There was a mass rush for the corporate vol-au-vents at the half-time whistle, and the moneyed classes were in no hurry to return. Roy Keane would have had something to say on the subject. Where was Austin Healey when we needed him?
Unfortunately for the Tigers, the rugby they continued to play made the finger buffet seem more attractive by the minute. Indeed, they might have had more chance of scoring a try had they traded in their back division for half-a-dozen lightly grilled mushrooms and a stick of celery.
It is now well over four hours since they crossed the opposition goal-line in a serious game of rugby – indeed, they have yet to register a five-pointer this season – and while their coach, Richard Cockerill, asserted that "nine points from three matches means there's a lot of teams in a worse position than us", it did not require the hearing powers of a bat to pick up mutterings of discontent among the rank-and-file supporters.
Cockerill added, not unreasonably, that while the acute shortage of tries was becoming a "bugbear", things would be very different when the likes of Toby Flood, Sam Vesty, Dan Hipkiss and Alesana Tuilagi regained their fitness. But Flood, for one, will not be around until November, by which time Leicester will have completed a third of their campaign.
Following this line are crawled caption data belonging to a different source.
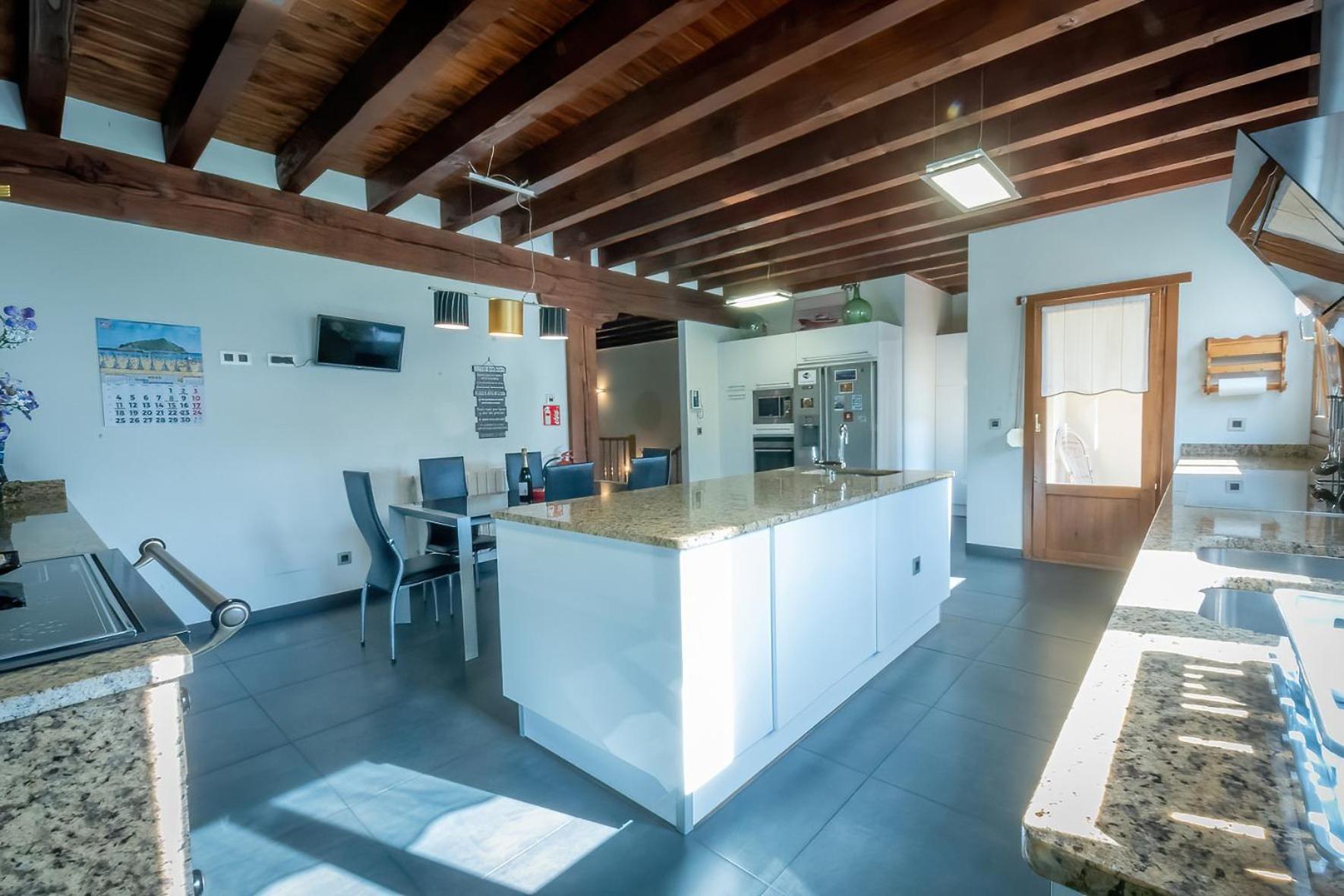 Oribarzar - Vivienda Acogedora En Plena Naturaleza Aia المظهر الخارجي الصورة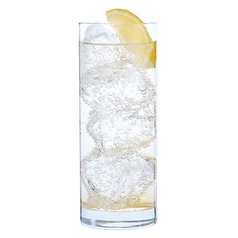 【ジン スピリッツ】　ジンバック（ジン + ジンジャーエール）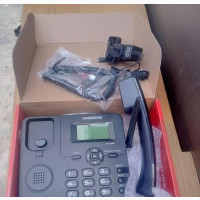Cross Fire Wireless Phone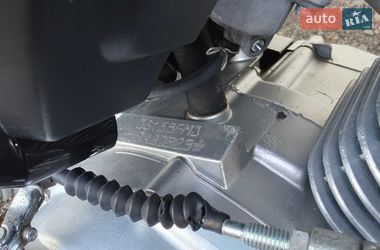 Мотоцикл Многоцелевой (All-round) Jianshe JYM 2018 в Изюме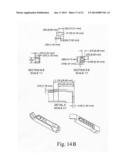 SINK FASTENER FOR FASTENING A SINK UNIT TO A COUNTERTOP diagram and image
With the honourable exception of Anthony Allen, who did some nice things at inside centre on Saturday night, they are firing an awful lot of blanks.
The chief fascination here was how much forward pressure Newcastle could withstand before their walls came crashing down, Jericho-like. As it turned out, falling masonry was conspicuous by its absence. The Tynesiders scrummaged well at times, especially while the All Black prop Carl Hayman was a going concern, and worked hard to re-establish themselves at the line-out after a rough 50 minutes or so.
What was more, they defended with a passion that has not always accompanied them on their trips away from Kingston Park. At one point, they knocked their opponents out of the in-goal area and back to the 22-metre line with try-saving tackle after try-saving tackle.
Steve Bates, their director of rugby, talked a good deal afterwards about pride: his own in watching the team shut out the Tigers without the services of their first-choice half-backs, Micky Young and Jimmy Gopperth; his team's in pulling together for the entire 80 minutes, many of which they spent without the ball. Newcastle shed 23 players at the end of last season and recruited 17 new ones. If this level of unity can be developed in so short a space of time, there is every chance that this season's relegation scrap will happen without them.
"I'm pleased that we've become so unified so quickly, but if I'm honest I'm not surprised," Bates said.
"We set out with the intention of bringing in the kind of characters who would work hard for the club – people who perhaps hadn't had the chances they felt they deserved elsewhere, allied to some very talented and hungry young players from the academy. There has been a great sense of togetherness since the start of pre-season and we showed that here. The question is: how many of these games can we absorb? People gave a lot of themselves out there, yet we've come away with nothing and it will probably be Wednesday before we can start preparing for the Harlequins match on Friday night."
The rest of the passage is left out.